Monday, 13 February 2017

Chemical History of a Candle: bonus experiment

We are reading Michael Faraday's Six Lectures for the chemistry component of a Year 9 science class. As you can surmise from the title of the book, there is a lot of candle burning going on.


The experiments involve close observation of the flame and usually involves its going out in different situations using up many matches in the process of relighting the candle often.  One student casually wondered how matches work so I assigned that question as homework.

When we reconvened the following week, the students' narrations then led to wondering if all matches were the same? So we decided to find out and set up an experiment using different kinds of matches.

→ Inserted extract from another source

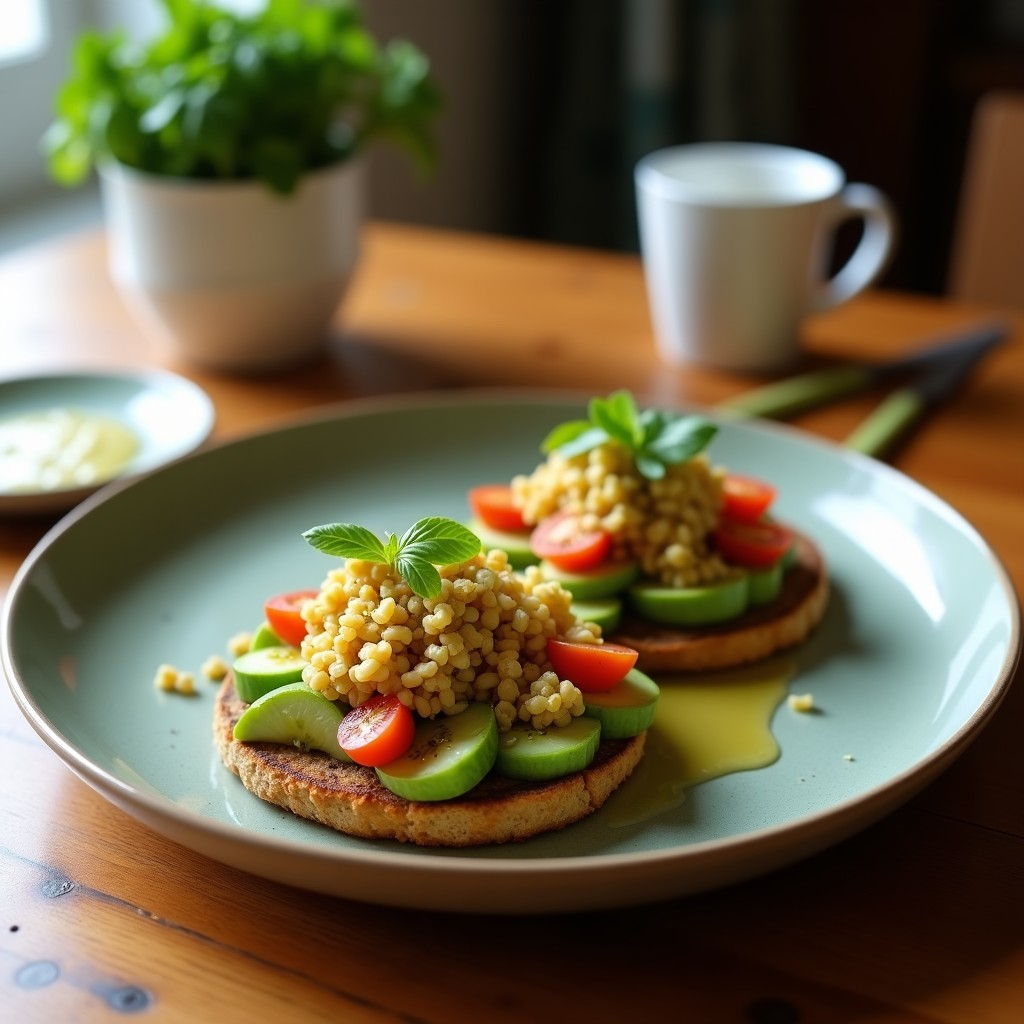 Tostadas crudiveganas con aguacate cremoso, encurtidos de pepino, zanahoria y cebolla morada, decoradas con semillas de girasol, sésamo y alga nori sobre pan integral germinado.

Surprisingly, I had 8 different types of matches on hand: ones with turquoise match heads, black, white or pink match heads, red with white tips of various sizes and matches with cardboard sticks from souvenir matchbooks.  We used the same igniter for each strike to keep that consistent.


The students decided what they could observe that might distinguish matches from each other: What does it smell like when it first burns? or when it is first put out? What colour is the flame and the smoke? How big is the flame?

One thing usually leads to another and investigations usually lead to more questions.  They wondered if the different colours were just a dye on top of the usually red phosphorus match head or its true colour.  They first put it under a microscope to examine the match head and then started scraping off layers of the colour to see how it was constructed.